Students from Civil and Construction Engineering, Anthropology, Life Science, and Sociology at BYU were joined by students from Kathmandu University's Community Development program to understand the interrelated social problems connected to extreme poverty. This community analysis project is connected with a larger BYU field study project, led by faculty in the department of Public Health, who are studying the long-term effects of near-constant exposure to hazardous air (PM 2.5). The study locations are the brick kiln factories of the Kathmandu Valley in Nepal, where thousands live in conditions of extreme poverty.

The purpose of the project is to understand health and well-being impacts and work toward proposing sustainable interventions to improve living and working conditions. However, for solutions to be truly sustainable, it was necessary to understand a comprehensive picture of the broader community context. This approach to problem identification and solution finding is grounded in the Ballard Center's Social Impact Cycle.
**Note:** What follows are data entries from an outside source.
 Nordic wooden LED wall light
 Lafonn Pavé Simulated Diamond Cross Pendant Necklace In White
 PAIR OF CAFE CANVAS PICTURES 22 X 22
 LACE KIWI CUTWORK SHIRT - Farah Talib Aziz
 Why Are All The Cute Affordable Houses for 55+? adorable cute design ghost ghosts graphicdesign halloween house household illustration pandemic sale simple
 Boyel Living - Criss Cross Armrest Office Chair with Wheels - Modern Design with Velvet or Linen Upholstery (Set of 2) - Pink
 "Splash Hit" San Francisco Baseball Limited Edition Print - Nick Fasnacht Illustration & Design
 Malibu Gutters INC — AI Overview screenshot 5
Ballard Center Social Impact Cycle
Ballard Center Social Impact Cycle

The interdisciplinary team of researchers from BYU and Kathmandu University conducted a mixed-methods qualitative study to record community indicators through direct observation and over 100 participant interviews. The research team created a community-scale evaluation framework derived from the United Nations 17 Sustainable Development Goals (SDGs).

The collective research team found that members of the brick kiln communities are concerned with an expanded set of interrelated issues (social problems - SPs), including air quality, access to critical infrastructure services, and improved education. It was also found that many of the contributing factors to these SPs are networked and shared with one another.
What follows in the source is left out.